Fred has recorded and/or performed with Ralph Towner (founding member of Oregon), Paul McCandless (founding member of Oregon), Larry Coryell, Lyle Mays, Iain Matthews (founding member of Fairport Convention), Jerry Goodman (Mahavishnu Orchestra violinist), Steve Rodby and Paul Wertico (both with Pat Metheny Group), Bonnie Herman (Singers Unlimited), Kurt Elling, Fareed Haque, David Onderdonk, Ingrid Graudins, Ross Traut, The Stan Kenton Orchestra and many others.
Wow! will be your reaction. Notice that he did make a few albums on his own, presumably in solo style piano. All compositions on this record are by him except A4's disappointing entry Fancy Frogs by Coryell.

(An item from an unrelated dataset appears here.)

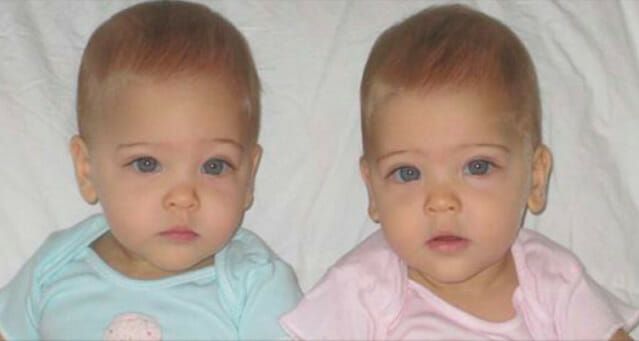 12 Years Ago They Were Called The World’s Most Beautiful Twins – Now Look At Them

Overall, a mixed bag with some of that annoyingly light fusion mixed in with decent and well-conceived compositions. The track ded. to Joni Mitchell is particularly cute, appropriately enough for Robert Plant's experience of Going to California:
The more I've listened to this wee fantasia the more I enjoy it, as it seems to really capture her mid to late seventies jazzier free spirit, though there is nothing of the earnest and folksy earlier sixties-era strummer in there.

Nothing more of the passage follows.